The top_perc
function selects the top percentage of data based on a specified trait and computes summary statistics.
It allows for grouping by additional columns and offers flexibility in the type of statistics calculated.
The function can also retain the selected data if needed.
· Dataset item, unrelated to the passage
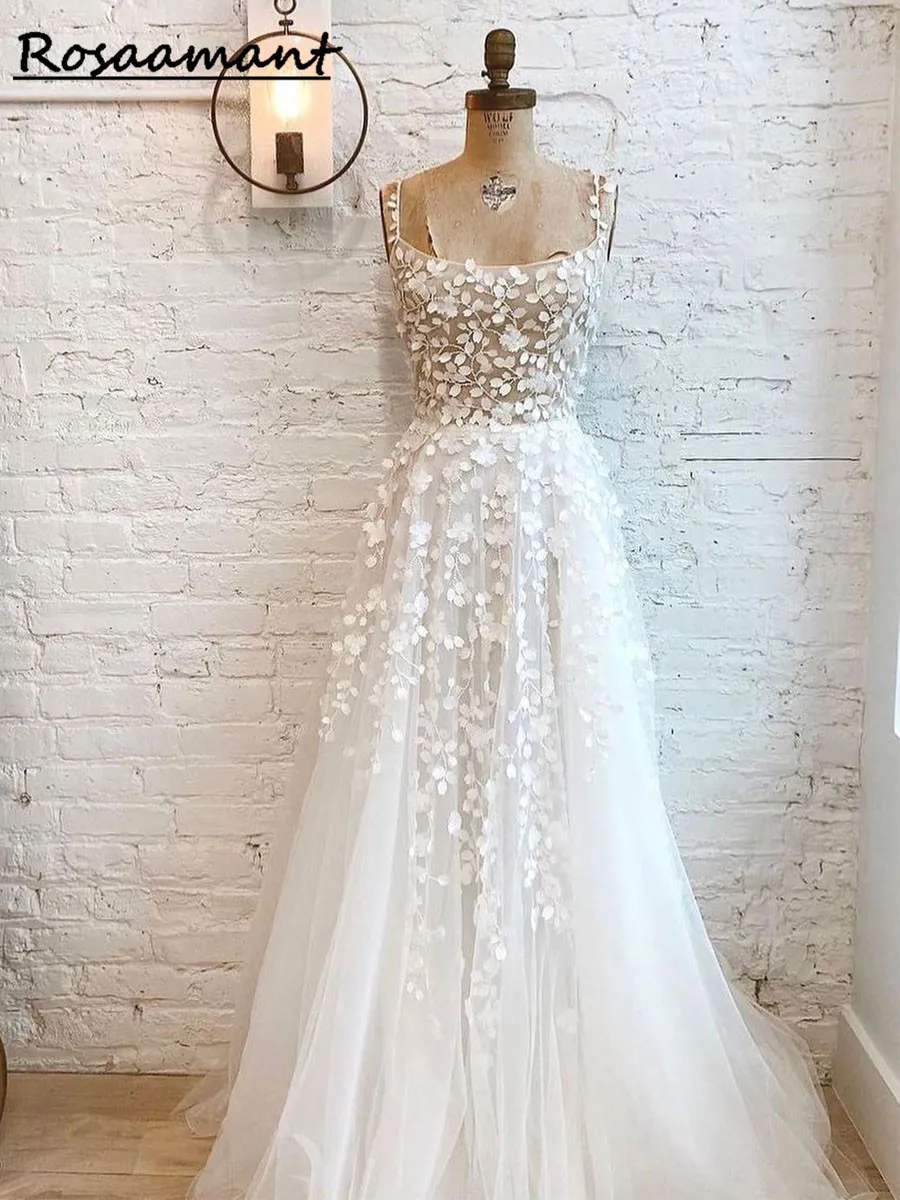 Applications en dentelle en tulle doux robe de mariée A-Line 2024 Boho Sans manches O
top_perc(data, perc, trait, by = NULL, type = "mean_sd", keep_data = FALSE)
A data.frame
containing the source dataset for analysis
Supports various data frame-like structures
Automatically converts non-data frame inputs
Numeric vector of percentages for data selection
Range: -1
to 1
Positive values: Select top percentiles
Negative values: Select bottom percentiles
Multiple percentiles supported
Character string specifying the 'selection column'
Must be a valid column name in the input data
Used as the basis for top/bottom percentage selection
Optional character vector for 'grouping columns'
Default is NULL
Enables stratified analysis
Allows granular percentage selection within groups
Statistical summary type
Default: "mean_sd"
Controls the type of summary statistics computed
Supports various summary methods from rstatix
Logical flag for data retention
Default: FALSE
TRUE
: Return both summary statistics and selected data
FALSE
: Return only summary statistics
A list or data frame:
If keep_data
is FALSE, a data frame with summary statistics.
If keep_data
is TRUE, a list where each element is a list containing summary statistics (stat
) and the selected top data (data
).
The perc
parameter accepts values between -1 and 1. Positive values select the top percentage, while negative values select the bottom percentage.
The function performs initial checks to ensure required arguments are provided and valid.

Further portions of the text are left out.